Une autre orientation clé : le développement de circuits courts via des partenariats renforcés avec les PME, producteurs locaux et acteurs de l’agroalimentaire gabonais. Objectif : réduire la dépendance aux importations et dynamiser l’économie nationale.

CECA-GADIS envisage également un accompagnement pour les futurs repreneurs de magasins fermés, en leur offrant un soutien logistique et un transfert de compétences afin de favoriser l’émergence de nouveaux acteurs locaux de la distribution.

Le regard de Com d’Afrik

Pour Com d’Afrik, cette restructuration marque un tournant critique pour la grande distribution au Gabon. Elle révèle à la fois les limites d’un modèle longtemps soutenu par l’État et les défis d’une transition vers une économie plus compétitive et autonome.

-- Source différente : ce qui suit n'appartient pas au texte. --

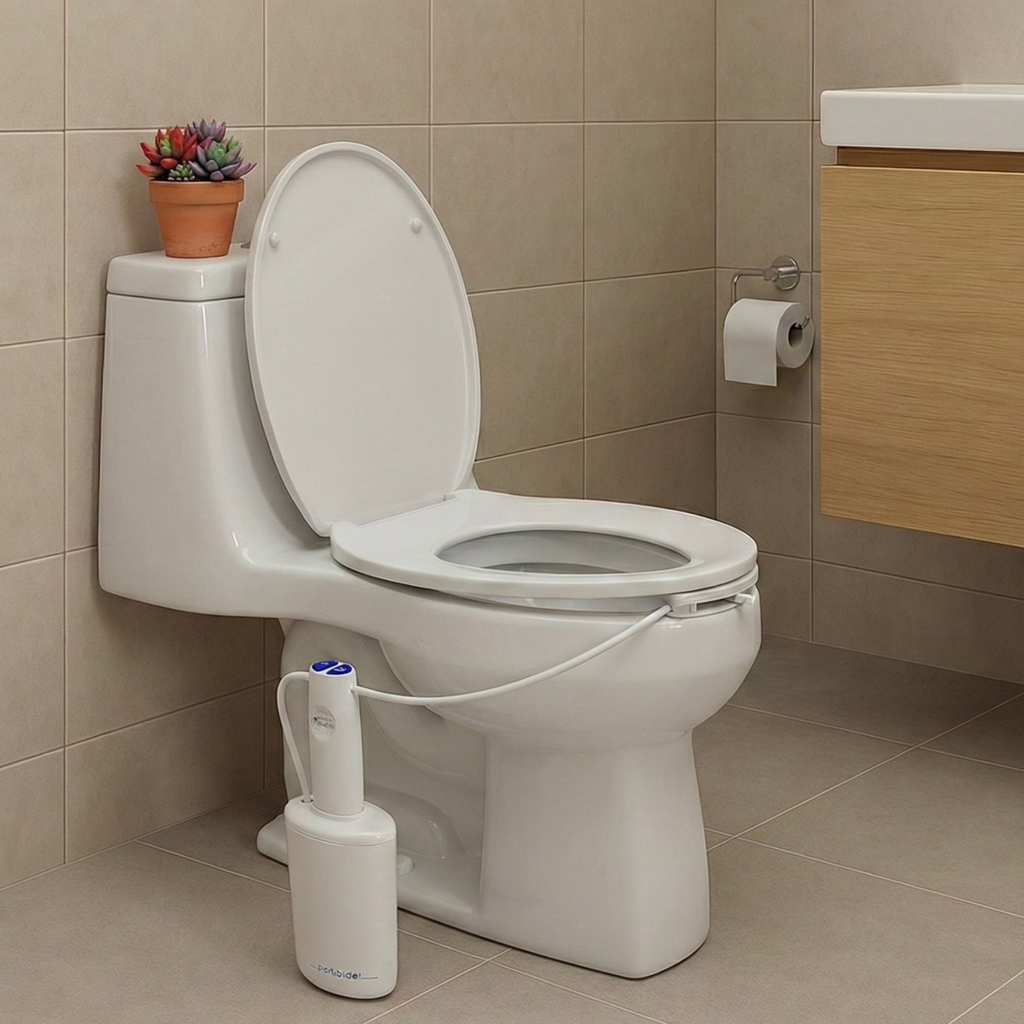 The Traveler Bidet by Portabidets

L’un des éléments majeurs est la fragilité chronique des chaînes d’approvisionnement, fortement dépendantes de l’étranger. Dans un contexte de hausse mondiale des coûts logistiques et de volatilité des prix, les enseignes locales se retrouvent sous forte pression. CECA-GADIS en paie aujourd’hui le prix.

D’un point de vue journalistique, cette situation pose une question stratégique : comment moderniser la distribution gabonaise sans sacrifier l’accessibilité alimentaire pour les populations ? La fermeture massive de points de vente, notamment dans les quartiers populaires, pourrait créer des zones de fragilité où l’accès aux produits de base deviendra plus difficile.

Enfin, cette crise doit être observée comme une opportunité pour repenser le secteur : encourager les circuits courts, soutenir les PME locales, dynamiser le commerce de proximité et favoriser l’innovation logistique. La restructuration de CECA-GADIS peut être un catalyseur de transformation, à condition que les acteurs publics et privés travaillent de concert.